Publiqué varios artículos con aquel material. Entre otros: «… Y Zeus engendró a Palas Atenea» (1983); «Tiempo de Abel: la muerte judía» (1984); y el más relevante, pues atañía a todos los pueblos del mundo, fue el titulado «Subdivisión sexuada del grupo humano» (1985). El libro salió a la calle con el título: Estudio antropológico: Una comunidad judía (1983). Aún muchos años después —agotada la edición y cerrada la editorial que lo publicó—, cuando llegan a España personas judías me llaman para pedirme un ejemplar.

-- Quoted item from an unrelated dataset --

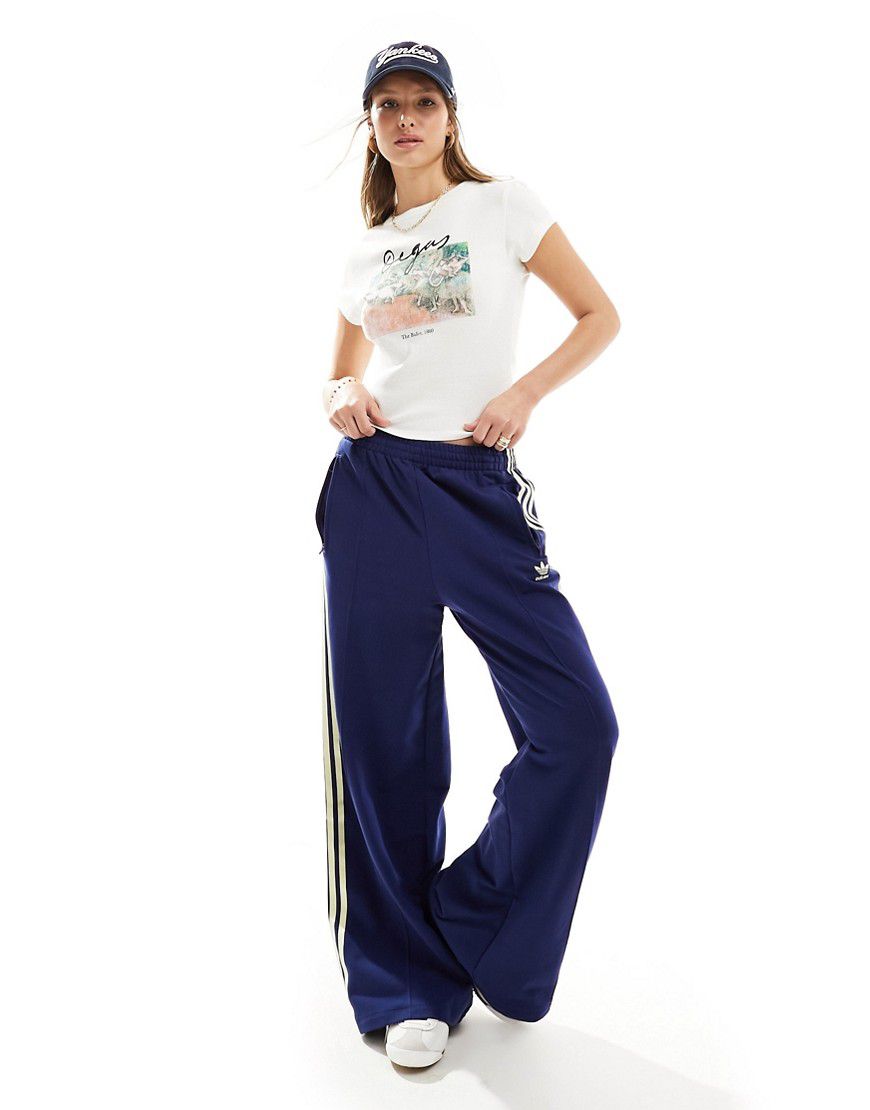 Pantaloni sportivi blu navy e gialli con tre strisce - adidas Originals - Modalova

En los artículos mostraba lo que hoy resulta elemental: nadie al nacer sabe si es hombre o mujer. Las características físico anatómicas de nuestra especie permiten dividirnos entre los que tienen una parte del aparato reproductor y los que tienen la otra. A través de ejemplos concretaba lo distintas que eran, entre sí, las prácticas sociales que tenían que aprender y ejercer las mujeres y los hombres nacidos en una u otra sociedad.

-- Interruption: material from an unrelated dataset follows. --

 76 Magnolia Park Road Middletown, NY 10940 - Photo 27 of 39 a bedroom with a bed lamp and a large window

Reflexioné sobre la importancia de un hecho: que los humanos desde siempre —y probablemente para siempre— nacemos sin información genética sobre cómo y qué hacer para reconocernos y vivir como humanos. Determiné que, en efecto, nuestra especie se inventa su vivir y lo primero que hacemos al nacer es asumir las prácticas sociales que nos transmiten los adultos según el sexo, comenzando por el nombre que nos adjudican. Por estas razones, la posibilidad y capacidad de los humanos para reinventar colectivamente nuestro vivir es manifiesta.

Habían pasado varios años desde aquellas primeras investigaciones cuando acudí al Senado a informar sobre el maltrato a mujeres por parte de hombres.

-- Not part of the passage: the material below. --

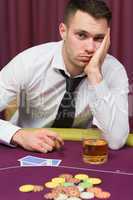 Man looking depressed at poker table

Estaba acostumbrada a hablar en público y a preparar con esmero las ideas que iba a exponer. Soy extremadamente cuidadosa en cómo hablo públicamente desde que acudí a dar una conferencia, tiempo atrás, justo una hora después de ver bailar a Evelyn Carlson. Me emocionó tanto cómo ella entregó su arte al público, tan armónica, embaucadora e inteligente, que decidí imitarla. Creo que aquel día fue el primero en el que intenté hablar con un ritmo y una cadencia con los que me sintiera identificada.

Además, siempre pretendo presentar la novísima idea que he tenido, la más innovadora. Pero a veces sucede lo que me pasó ante aquella comisión de expertos sobre el maltrato: las ideas acuden a mi boca y digo cosas que nunca antes he verbalizado.

Se trata de momentos en los que me aliento yo sólita. Me pongo a hablar con entusiasmo y cuando finalizo de exponer la idea imprevisible tengo la garganta encendida y el cuerpo acelerado y receloso recordándome que, una vez más, he infringido las cautelas de una perfecta oradora.